Exercise
Retype nothing but the lines from the start of the material up to and including the line with "JOAN 日本製 24". Pictures don't belong in the copy.

****************

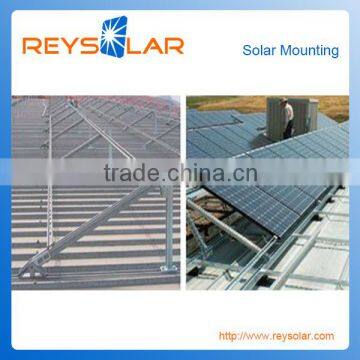 Concrete Flat Roof PV Solar Panel Anodized Aluminum Mounting Flat Roof Solutions photo-6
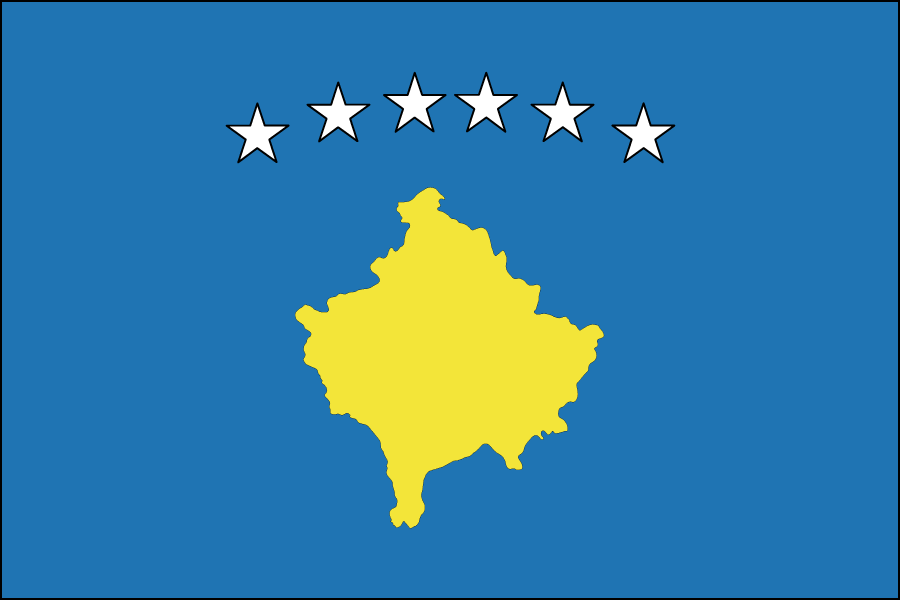 Nylon Kosovo Flag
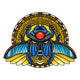 Egyptian Scarab Wall Decal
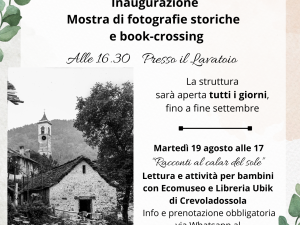 Inaugurazione mostra fotografica a Finero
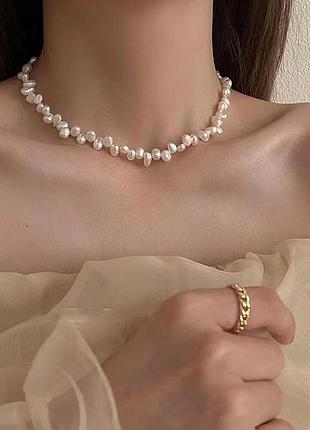 Ожерелье с имитацией жемчуга
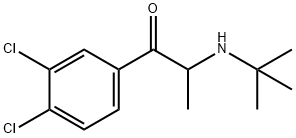 2-(tert-ButylaMino)-3',4'-chloropropiophenone hydrochloride Structure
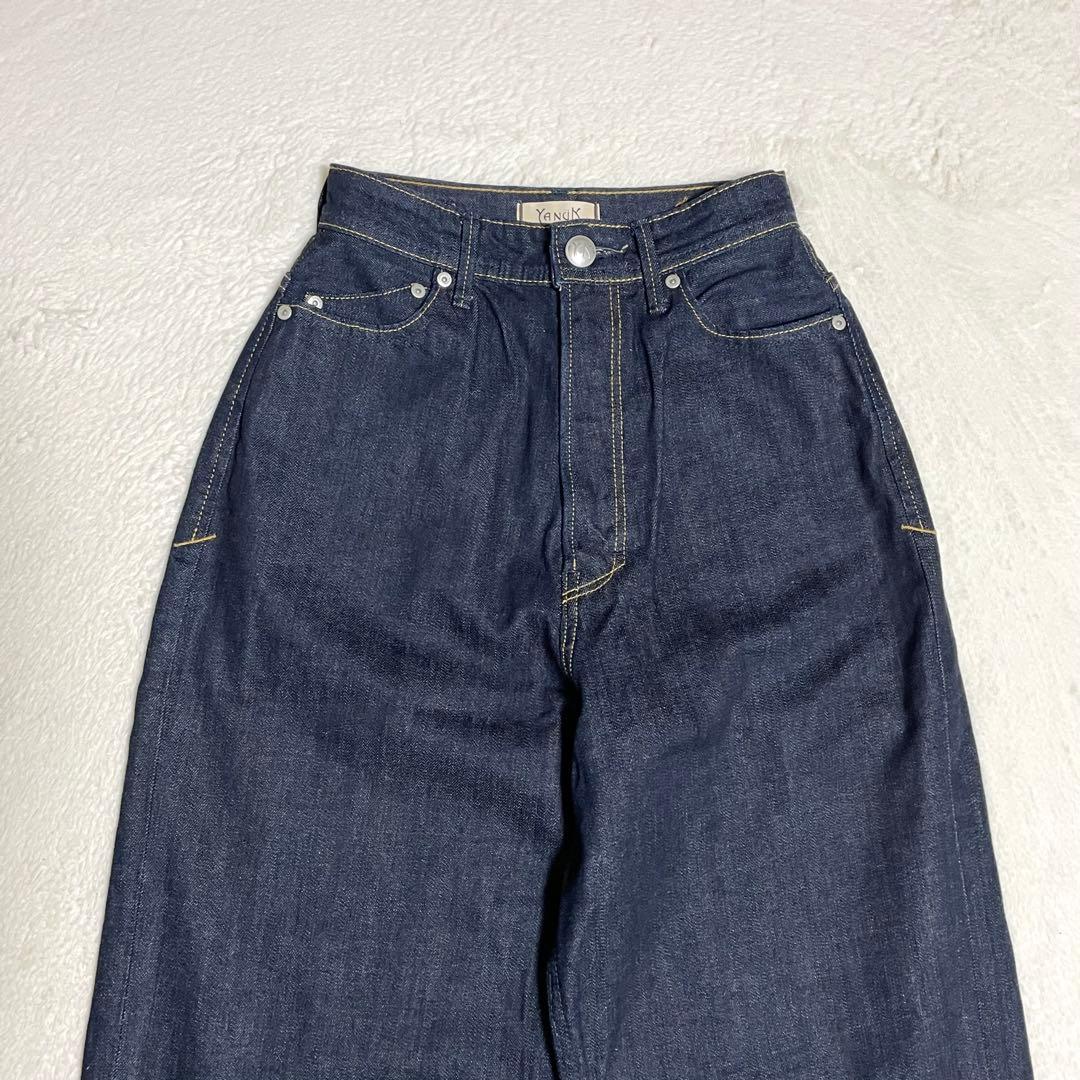 【美品】YANUK ルーズストレート デニム JOAN 日本製 24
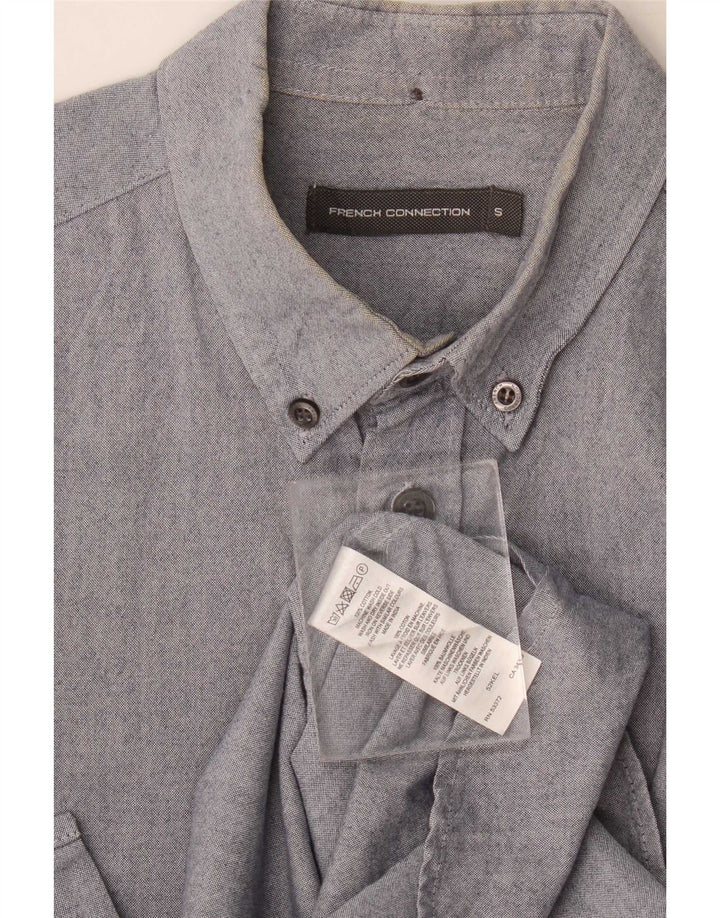 Camicia da uomo French Connection piccola in cotone grigio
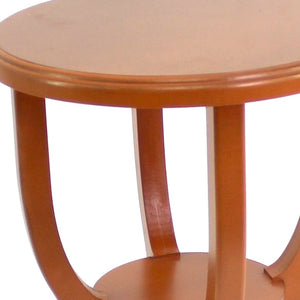 24 X 18 X 18 Bright Orange Country Cottage Style Wooden Stool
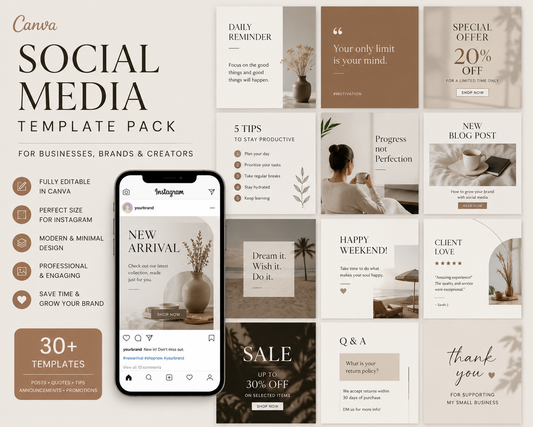 Social Media Template Pack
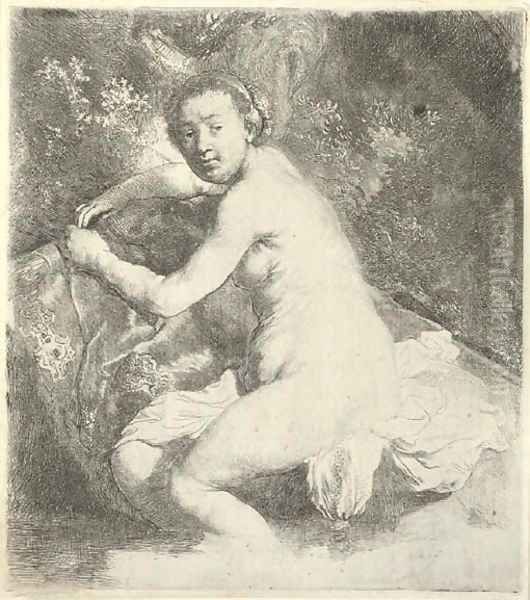 Diana at the Bath Oil Painting by Rembrandt Van Rijn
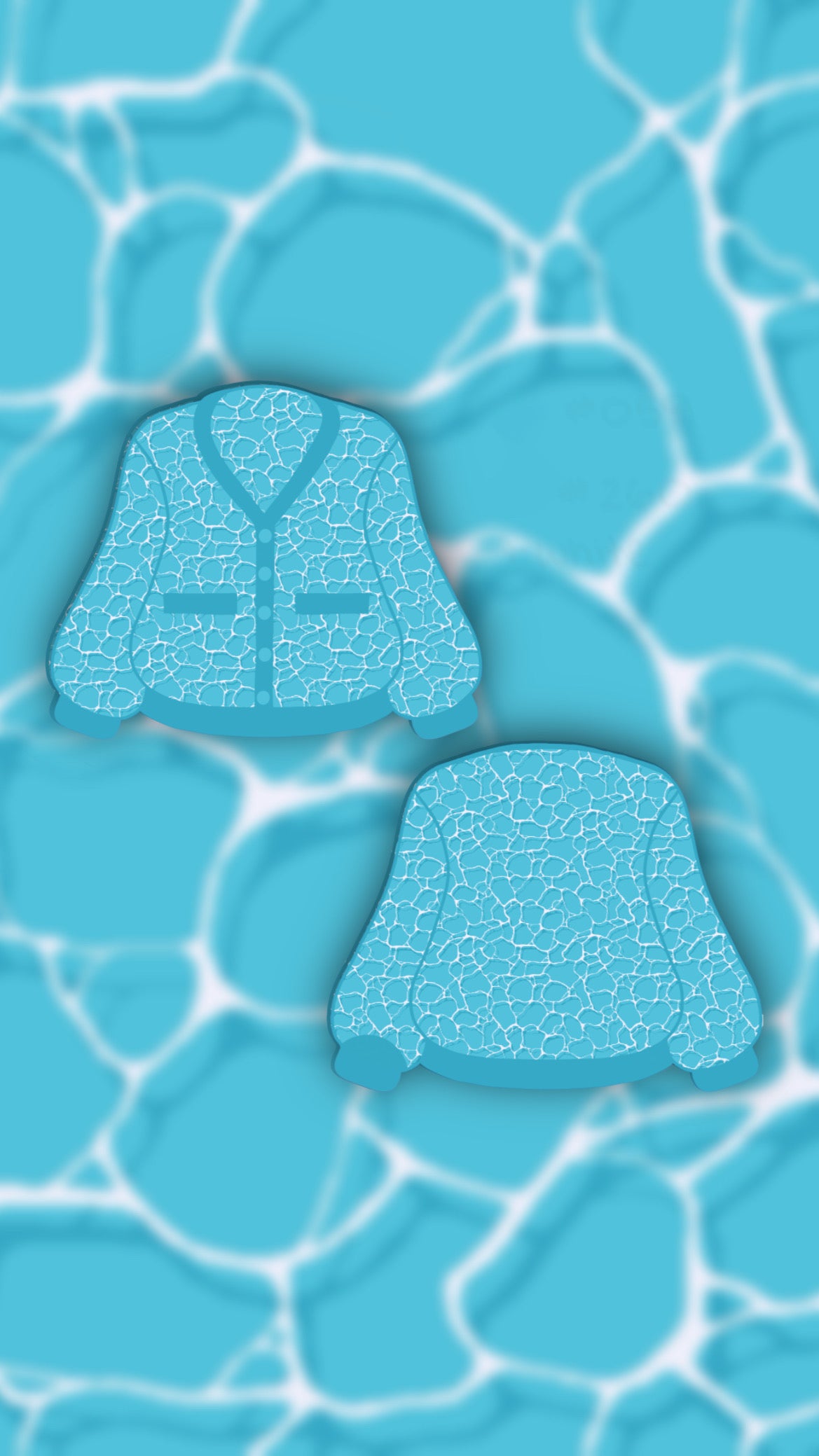 Pixel Water Cardi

****************

Your response
 Concrete Flat Roof PV Solar Panel Anodized Aluminum Mounting Flat Roof Solutions photo-6
 Nylon Kosovo Flag
 Egyptian Scarab Wall Decal
 Inaugurazione mostra fotografica a Finero
 Ожерелье с имитацией жемчуга
 2-(tert-ButylaMino)-3',4'-chloropropiophenone hydrochloride Structure
 【美品】YANUK ルーズストレート デニム JOAN 日本製 24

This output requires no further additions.